Nach mäßigem Start drehen die Eisvögel die Partie in Oberhausen. Auch ein Schlussspurt der Gastgeberinnen kann das 69:62 (38:30) nicht verhindern. Der Beginn der Partie war fast schon symptomatisch für die vergangene Trainingswoche der Eisvögel, in der zu selten die benötigten hohen Intensitäten erreicht wurden. Genauso startete das Team in die Partie – und wurden von den hochmotivierten Oberhausenerinnen sofort dafür bestraft. Mit 10:2 setzten sich die Gastgeberinnen ab, bevor eine erste Freiburger Auszeit diesen Lauf unterbrach. Zurück aufs Feld kamen die Freiburgerinnen wie ausgewechselt: innerhalb weniger Minuten drehten sie das Spiel, erzielten zwölf unbeantwortete Punkte in Folge – plötzlich stand es 15:10 für die Eisvögel!

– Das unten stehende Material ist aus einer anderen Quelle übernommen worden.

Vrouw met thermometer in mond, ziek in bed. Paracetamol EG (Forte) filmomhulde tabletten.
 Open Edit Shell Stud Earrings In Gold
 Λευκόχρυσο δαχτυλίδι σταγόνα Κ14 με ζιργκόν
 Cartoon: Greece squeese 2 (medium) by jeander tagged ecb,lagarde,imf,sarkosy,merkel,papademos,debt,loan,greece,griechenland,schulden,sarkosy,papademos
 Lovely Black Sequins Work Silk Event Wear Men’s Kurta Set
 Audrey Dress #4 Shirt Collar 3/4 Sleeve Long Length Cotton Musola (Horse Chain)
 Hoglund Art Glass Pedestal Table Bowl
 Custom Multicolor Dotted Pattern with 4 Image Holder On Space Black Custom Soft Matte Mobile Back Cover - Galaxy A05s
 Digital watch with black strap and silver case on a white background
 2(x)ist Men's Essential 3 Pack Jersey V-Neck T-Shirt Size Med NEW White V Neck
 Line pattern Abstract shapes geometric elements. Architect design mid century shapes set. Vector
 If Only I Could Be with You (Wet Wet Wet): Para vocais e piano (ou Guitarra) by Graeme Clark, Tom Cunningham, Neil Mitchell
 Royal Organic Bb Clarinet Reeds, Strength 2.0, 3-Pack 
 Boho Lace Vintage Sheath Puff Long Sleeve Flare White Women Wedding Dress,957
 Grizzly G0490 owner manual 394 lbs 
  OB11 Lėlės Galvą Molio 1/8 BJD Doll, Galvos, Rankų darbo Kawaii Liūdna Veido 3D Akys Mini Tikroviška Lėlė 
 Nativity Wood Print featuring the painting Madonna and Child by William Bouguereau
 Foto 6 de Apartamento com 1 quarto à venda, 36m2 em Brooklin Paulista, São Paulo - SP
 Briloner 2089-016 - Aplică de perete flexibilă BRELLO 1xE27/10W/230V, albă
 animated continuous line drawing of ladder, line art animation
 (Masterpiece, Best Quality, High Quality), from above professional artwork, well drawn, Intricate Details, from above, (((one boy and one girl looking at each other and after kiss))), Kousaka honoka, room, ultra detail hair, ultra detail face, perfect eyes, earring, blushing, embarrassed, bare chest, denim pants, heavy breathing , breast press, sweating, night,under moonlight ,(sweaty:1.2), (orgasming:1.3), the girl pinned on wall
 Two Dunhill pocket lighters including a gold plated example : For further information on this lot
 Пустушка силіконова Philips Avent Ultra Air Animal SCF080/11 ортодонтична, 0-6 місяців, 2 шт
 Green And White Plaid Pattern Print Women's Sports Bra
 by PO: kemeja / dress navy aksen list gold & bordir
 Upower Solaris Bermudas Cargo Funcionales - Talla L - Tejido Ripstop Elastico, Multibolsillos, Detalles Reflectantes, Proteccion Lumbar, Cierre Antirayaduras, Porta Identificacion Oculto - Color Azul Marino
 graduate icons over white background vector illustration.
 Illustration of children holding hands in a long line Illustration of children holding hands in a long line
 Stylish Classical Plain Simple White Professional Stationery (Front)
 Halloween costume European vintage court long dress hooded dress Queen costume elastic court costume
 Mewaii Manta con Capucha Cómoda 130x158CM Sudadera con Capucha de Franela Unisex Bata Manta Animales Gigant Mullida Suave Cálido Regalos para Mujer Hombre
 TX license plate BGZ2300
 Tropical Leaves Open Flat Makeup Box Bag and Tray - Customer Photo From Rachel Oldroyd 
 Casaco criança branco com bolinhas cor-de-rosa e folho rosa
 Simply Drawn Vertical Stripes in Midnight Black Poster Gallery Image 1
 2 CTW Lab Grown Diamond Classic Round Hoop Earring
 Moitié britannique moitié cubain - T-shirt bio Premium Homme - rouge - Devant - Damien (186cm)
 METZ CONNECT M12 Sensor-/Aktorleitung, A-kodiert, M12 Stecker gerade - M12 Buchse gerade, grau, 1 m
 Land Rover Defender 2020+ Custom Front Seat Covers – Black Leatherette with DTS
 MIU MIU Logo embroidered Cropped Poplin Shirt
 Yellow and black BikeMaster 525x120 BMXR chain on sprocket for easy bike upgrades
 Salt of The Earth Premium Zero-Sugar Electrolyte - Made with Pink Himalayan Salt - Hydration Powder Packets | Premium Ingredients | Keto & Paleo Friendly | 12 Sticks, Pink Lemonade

Von nun an schienen die Freiburgerinnen das Spielgeschehen unter Kontrolle zu haben. Ihre Führung wuchs und schrumpfte in den folgenden Minuten, ohne jemals abgegeben zu werden. Den größten Vorsprung hatten die Freiburgerinnen dann zu Beginn des letzten Viertels, als sie mit 14 Punkten vorne lagen (61:47, 32. Minute). An der Führung der Eisvögel konnte auch die Schlussoffensive der Oberhausenerinnen nichts mehr ändern, so dass die Freiburgerinnen letztlich ungefährdet die Punkte aus dem Ruhrgebiet entführen konnten.

Aufgrund der personellen Umstrukturierung zu Beginn der Saison und dem schweren Auftaktprogramm geben die beiden Siege zum Auftakt Sicherheit im Rennen um einen Nichtabstiegsplatz. Ausschlaggebend für den Erfolg im ersten Auswärtsspiel der Saison war zum einen die deutliche Steigerung nach der ersten Auszeit. Zum anderen war es ein großer Vorteil, dass neun von zehn eingesetzten Spielerinnen sich auf der Scorerliste eintragen konnten. Und während sich in der Schlussphase die Verteidigung auf die vier Top-Scorerinnen (Hayes, Paunovic, Turner, Tracey) der Freiburgerinnen konzentrierten, sorgten die Eigengewächse Franziska Höre und Jule Schindler für die Entscheidung. Bei so viel mannschaftlicher Geschlossenheit gelingen selbst gegen besser besetzte Teams wie Oberhausen Punktlandungen. Bleibt nur zu hoffen, dass die Eisvögel auch im kommenden Heimspiel gegen Meisterschaftskandidat Wasserburg zumindest zeitweise Oberwasser haben werden.